» What you will do: Exactly the lines below from the line with "A kitchen with" through the line with "The Patek Philippe" must make up the answer, both ends included and pictures left out.

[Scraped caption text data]

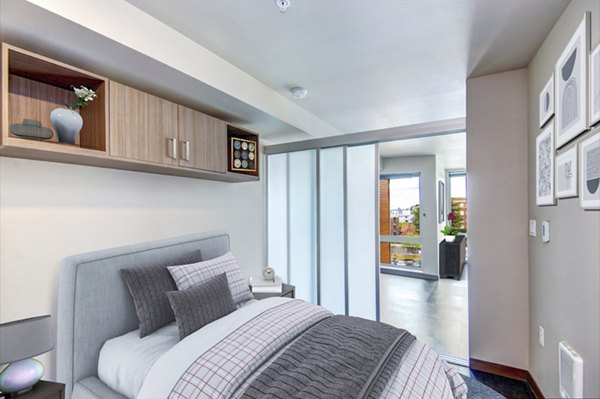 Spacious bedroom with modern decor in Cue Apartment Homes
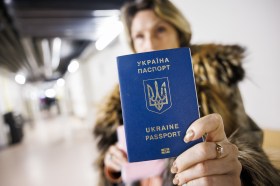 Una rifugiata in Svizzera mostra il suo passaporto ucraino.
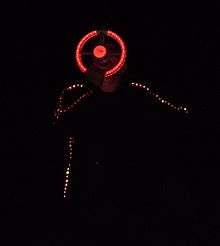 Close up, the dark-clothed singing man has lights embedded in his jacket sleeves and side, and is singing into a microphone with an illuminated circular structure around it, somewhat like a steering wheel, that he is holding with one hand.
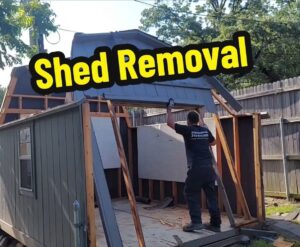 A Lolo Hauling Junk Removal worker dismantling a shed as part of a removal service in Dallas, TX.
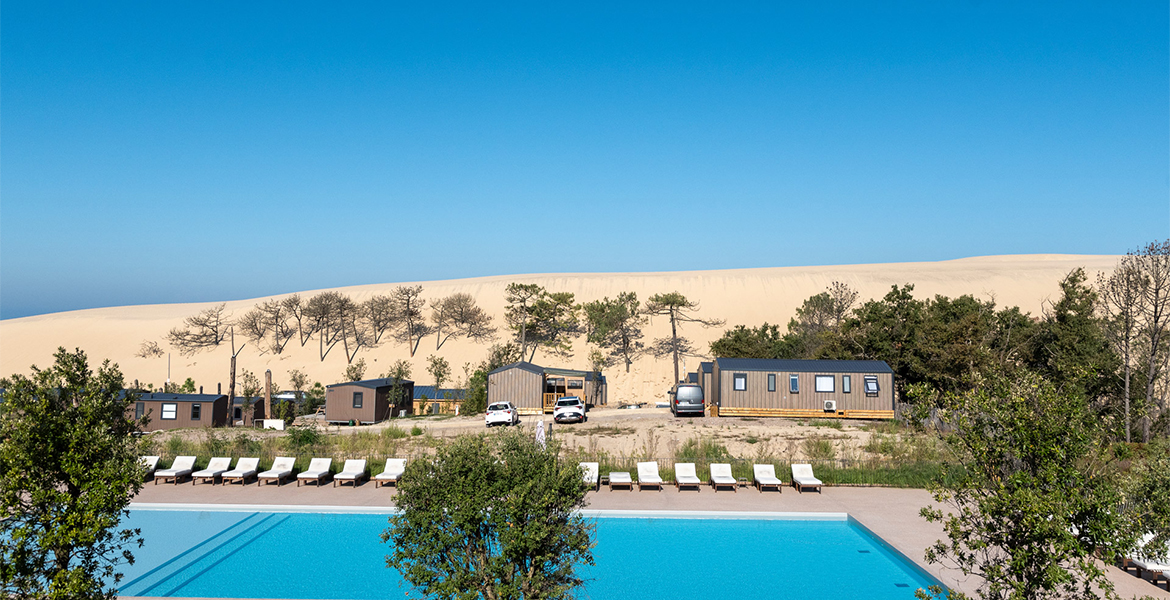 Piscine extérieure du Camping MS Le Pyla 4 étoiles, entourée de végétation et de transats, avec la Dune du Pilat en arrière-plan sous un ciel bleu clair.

--

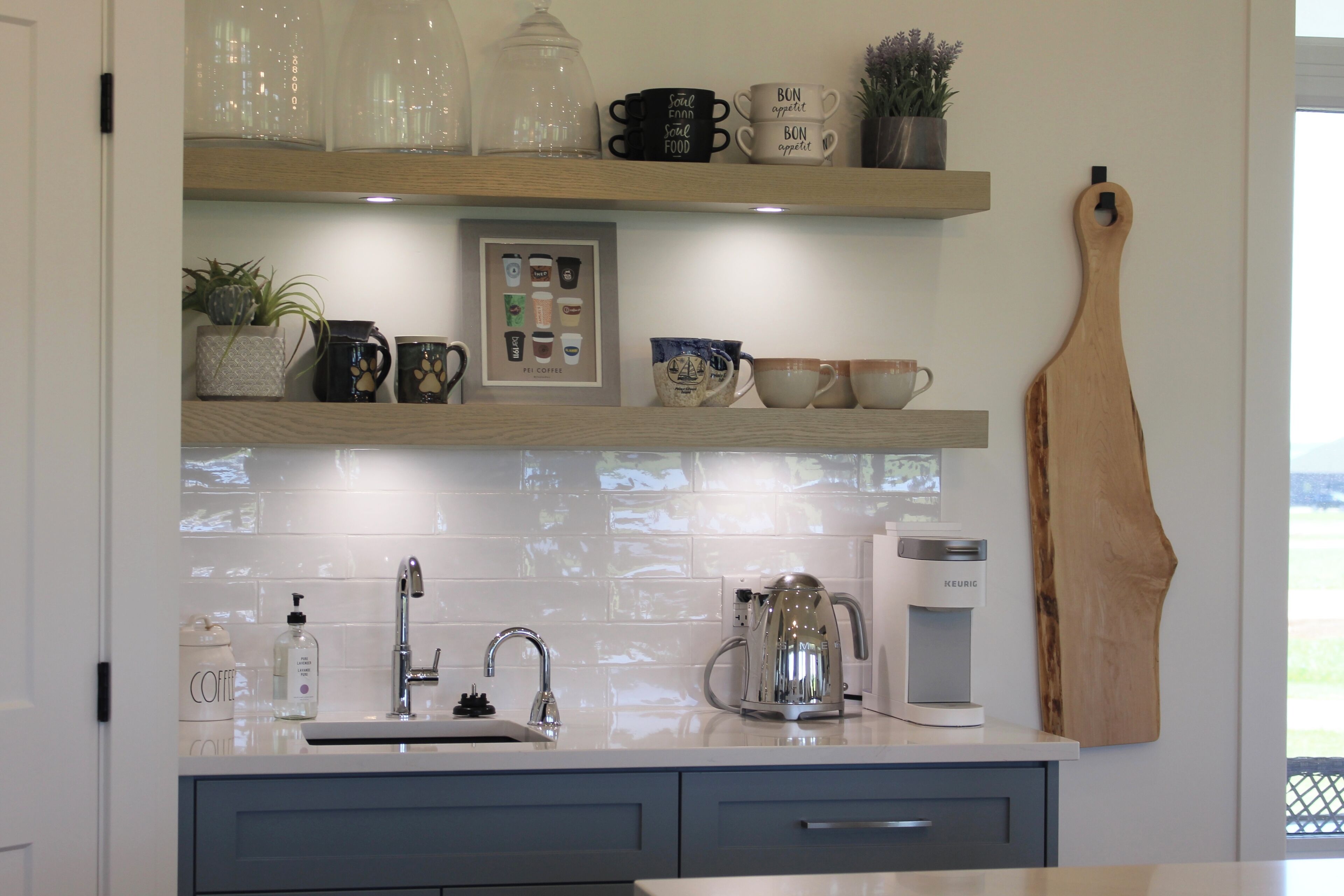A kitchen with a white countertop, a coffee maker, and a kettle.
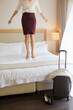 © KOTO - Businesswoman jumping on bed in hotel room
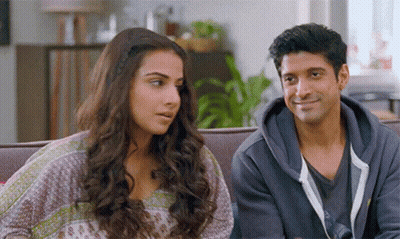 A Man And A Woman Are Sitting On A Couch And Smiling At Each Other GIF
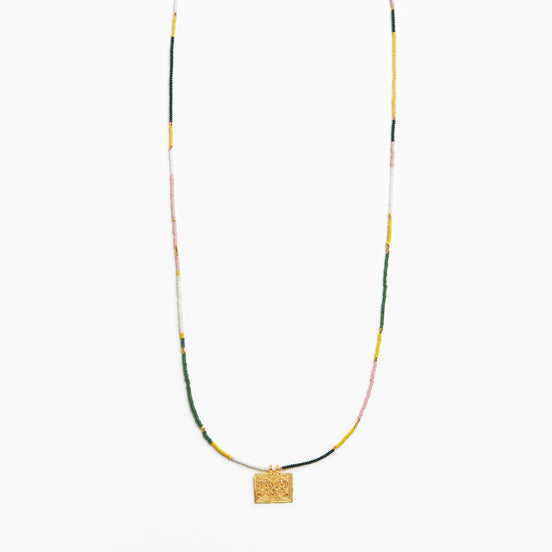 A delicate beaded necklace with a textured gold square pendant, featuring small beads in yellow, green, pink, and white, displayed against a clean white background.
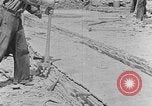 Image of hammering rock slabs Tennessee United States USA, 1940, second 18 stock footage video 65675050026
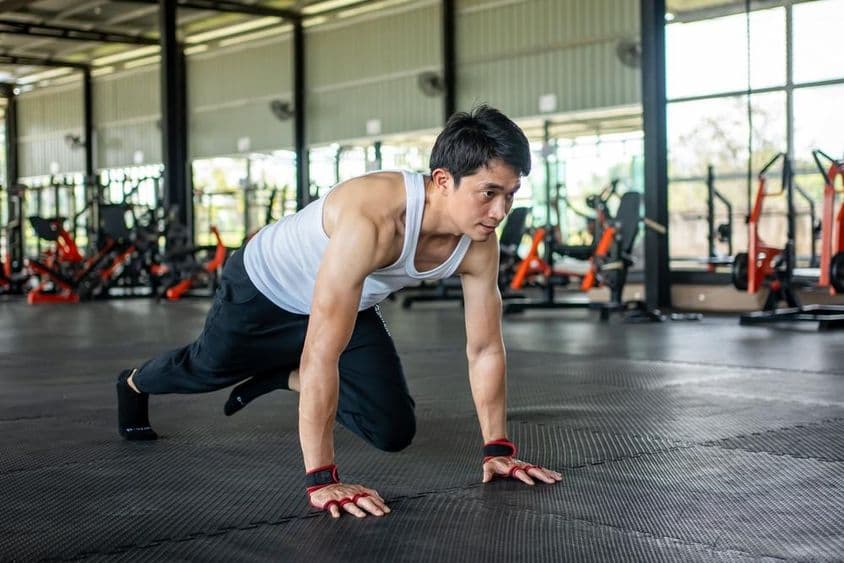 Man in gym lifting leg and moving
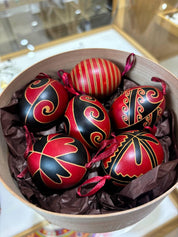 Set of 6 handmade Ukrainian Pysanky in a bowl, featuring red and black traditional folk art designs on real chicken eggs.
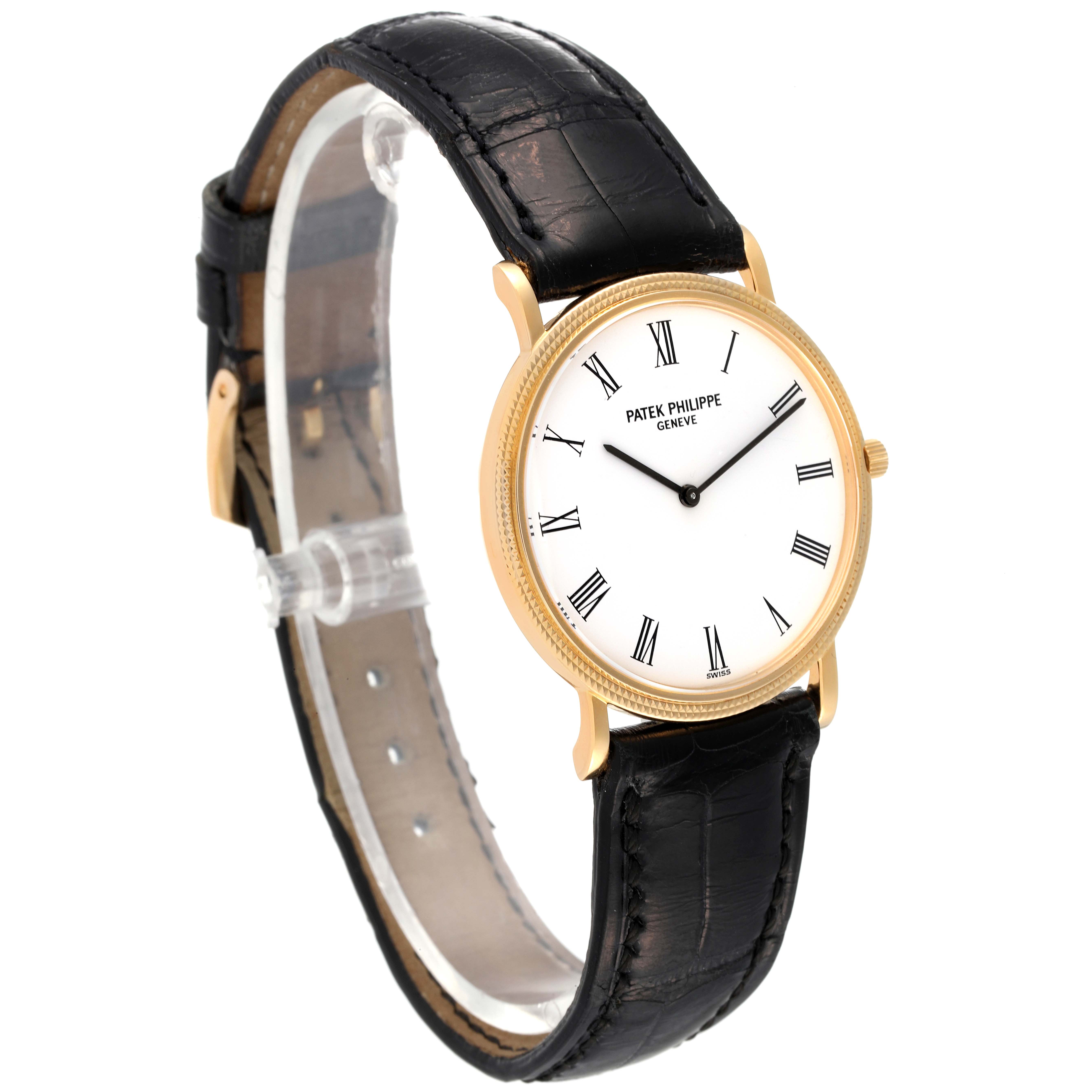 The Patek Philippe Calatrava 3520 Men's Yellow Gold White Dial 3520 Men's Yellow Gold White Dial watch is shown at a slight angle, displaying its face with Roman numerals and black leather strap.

» The completed task:
A kitchen with a white countertop, a coffee maker, and a kettle.
 © KOTO - Businesswoman jumping on bed in hotel room
 A Man And A Woman Are Sitting On A Couch And Smiling At Each Other GIF
 A delicate beaded necklace with a textured gold square pendant, featuring small beads in yellow, green, pink, and white, displayed against a clean white background.
 Image of hammering rock slabs Tennessee United States USA, 1940, second 18 stock footage video 65675050026
 Man in gym lifting leg and moving
 Set of 6 handmade Ukrainian Pysanky in a bowl, featuring red and black traditional folk art designs on real chicken eggs.
 The Patek Philippe Calatrava 3520 Men's Yellow Gold White Dial 3520 Men's Yellow Gold White Dial watch is shown at a slight angle, displaying its face with Roman numerals and black leather strap.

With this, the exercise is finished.